Finding a visual effects project as challenging as “The Lord of the Rings” may not happen for some time. “‘Lord of the Rings’ has every effect in the book,” Rygiel said. “It was amazing to work on. We all learned so many skills.”

So what is Rygiel’s next project? “I’d been thinking about getting into directing for years,” he said. “Directing involves a whole new set of disciplines. But I realized I’ve been dealing with actors for 20 years.

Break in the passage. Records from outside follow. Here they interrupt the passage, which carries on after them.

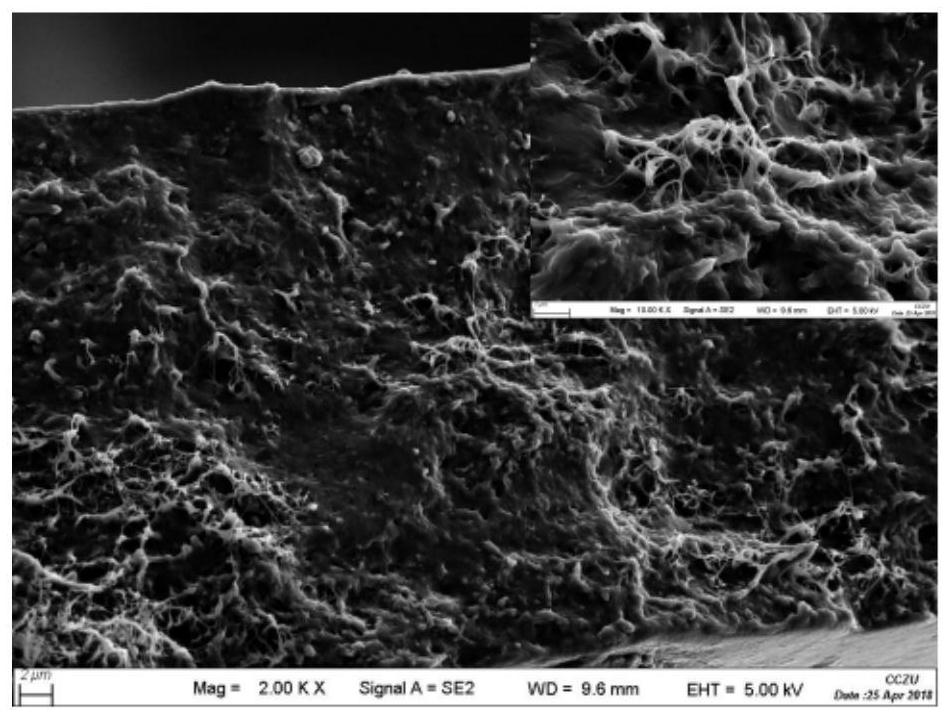 Preparation method of a highly conductive tensile strain responsive material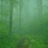 Green Mist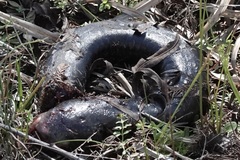 Siren intermedia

And directing requires what I’ve already been doing for visual effects supervision – getting a good crew together.”

Then, Creative Artists Agency, one of the world’s most powerful talent agencies, called to ask if he’d be interested in directing.“I guess you have to be careful what you wish for.”

So, as he considers his future options, Rygiel was spending the spring completing “The Lord of the Rings: Return of the King” DVD project and moving his family back from New Zealand in time for his children to spend some time in their new California school. And he couldn’t help but think that even though many things had changed over the past three years, some things hadn’t.

“Three years ago, I sort of dragged them all to New Zealand,” he said. “Now I’m dragging them back.”